## Archive for the ‘**Statistical Models**’ Category

## Estimating Conway-Maxwell-Poisson Regression in SAS

Conway-Maxwell-Poisson (CMP) regression is a flexible way to model frequency outcomes with both under-dispersion and over-dispersion. In SAS, CMP regression can be estimated with COUNTREG procedure directly or with NLMIXED procedure by specifying the likelihood function. However, the use of NLMIXED procedure is extremely cumbersome in that we need to estimate a standard Poisson regression and then use estimated parameters as initial values parameter estimates for the CMP regression.

In the example below, we will show how to employ GLIMMIX procedure to estimate a CMP regression by providing both the log likelihood function and the variance function in terms of the expected mean.

proc glimmix data = mylib.credit_count; model majordrg = age acadmos minordrg ownrent / link = log solution; _nu = 1 / exp(_phi_); _variance_ = (1 / _nu) / ((_mu_) ** (1 / _nu)); _z = 0; do i = 0 to 100; _z = _z + (_mu_ ** i) / fact(i) ** _nu; end; _prob = (_mu_ ** majordrg) / (fact(majordrg) ** _nu) * (_z ** (-1)); _logl_ = log(_prob); run;

Since the scale parameter **_phi_** is strictly above 0, the function **1 / exp(_phi_)** in the line #3 is to ensure the **Nu** parameter bounded between 0 and 1.

In addition, the DO loop is to calculate the normalization constant **Z** such that the PMF would sum up to 1. As there is no closed form for the calculation of **Z**, we need to calculate it numerically at the cost of a longer computing time.

Other implicit advantages of GLIMMIX procedure over NLMIXED procedure include the unnecessity to provide initiate values of parameter estimates and a shorter computing time.

## Modeling Generalized Poisson Regression in SAS

The Generalized Poisson (GP) regression is a very flexible statistical model for count outcomes in that it can accommodate both over-dispersion and under-dispersion, which makes it a very practical modeling approach in real-world problems and is considered a serious contender for the Quasi-Poisson regression.

Prob(Y) = Alpha / Y! * (Alpha + Xi * Y) ^ (Y – 1) * EXP(-Alpha – Xi * Y)

E(Y) = Mu = Alpha / (1 – Xi)

Var(Y) = Mu / (1 – Xi) ^ 2

While the GP regression can be conveniently estimated with HMM procedure in SAS, I’d always like to dive a little deeper into its model specification and likelihood function to have a better understanding. For instance, there is a slight difference in GP model outcomes between HMM procedure in SAS and VGAM package in R. After looking into the detail, I then realized that the difference is solely due to the different parameterization.

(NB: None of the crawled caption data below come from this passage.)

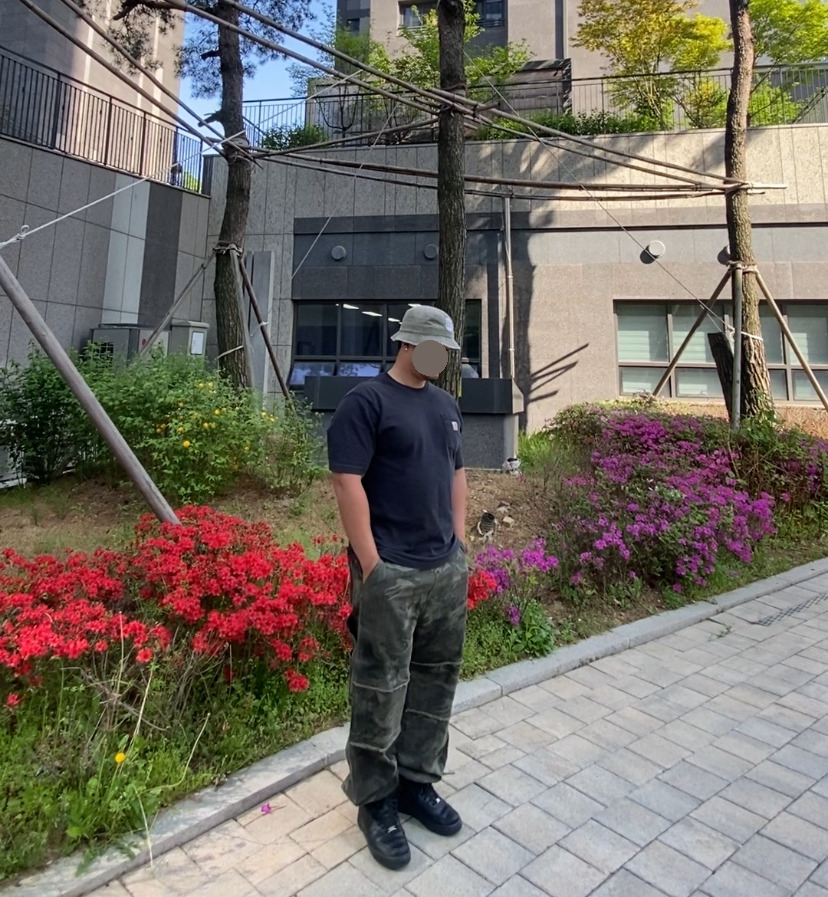 데일리룩('26. 4. 26.)로얄라이프 워싱 데님 벙거지 버킷햇, 칼하트 포켓 반팔티셔츠 K87, 테이크이지 카모 카모플라쥬 밀리터리 더스티 카펜터 팬츠, 나이키 덩크하이 올블랙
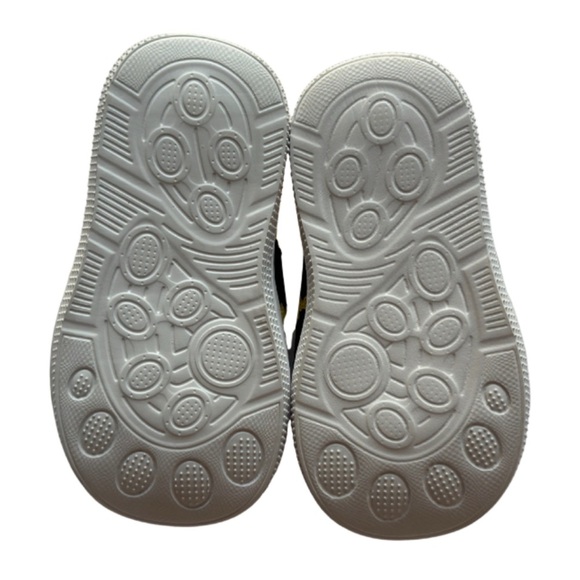 Toddler Tiger Slip-On Shoes - Picture 6 of 6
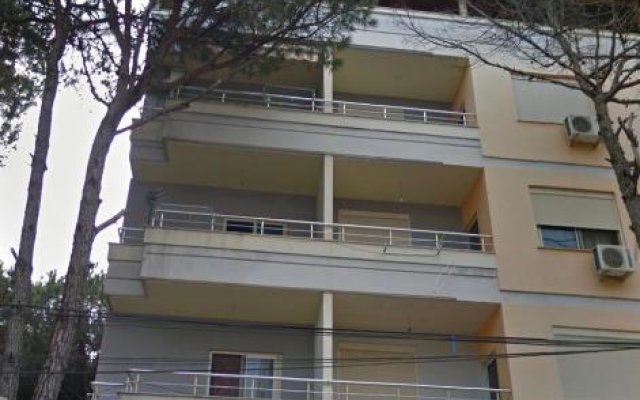 Cheap 2+1 apartment, 10 meters from beach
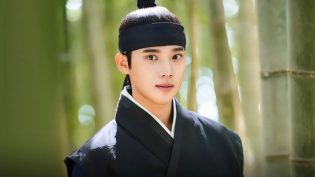 王后伞下 photo
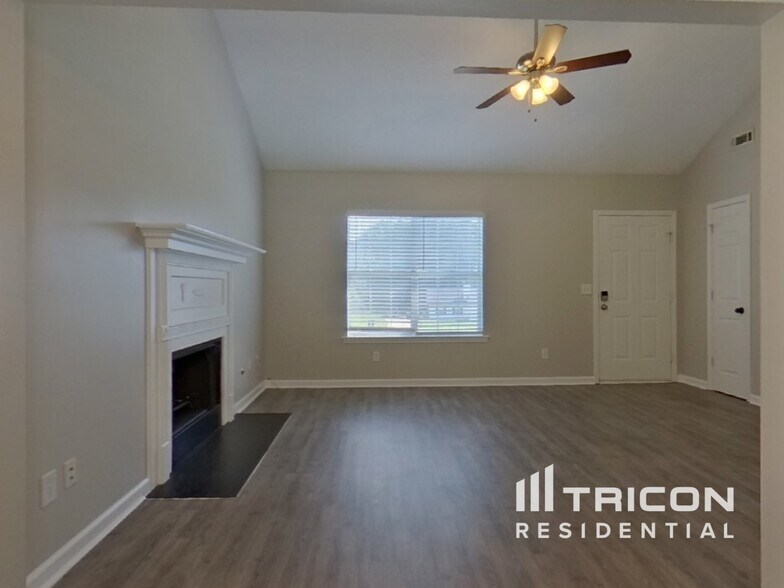 Building Photo - 7128 Hummingbird Ln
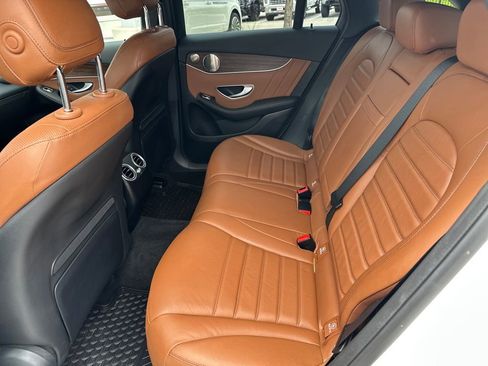 Used 2021 Mercedes-Benz GLC 300 4MATIC image 31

Basically, there are three steps for estimating a GP regression with NLMIXED procedure. Due to the complexity of GP likelihood function and its convergence process, it is always a good practice to estimate a baseline Standard Poisson regression as a starting point and then to output its parameter estimates into a table, e.g. _EST as shown below.

ods output ParameterEstimates = _est; proc genmod data = mylib.credit_count; model majordrg = age acadmos minordrg ownrent / dist = poisson link = log; run;

After acquiring parameter estimates from a Standard Poisson regression, we can use them to construct initiate values of parameter estimates for the Generalized Poisson regression. In the code snippet below, we used SQL procedure to create 2 macro variables that we are going to use in the final model estimation of GP regression.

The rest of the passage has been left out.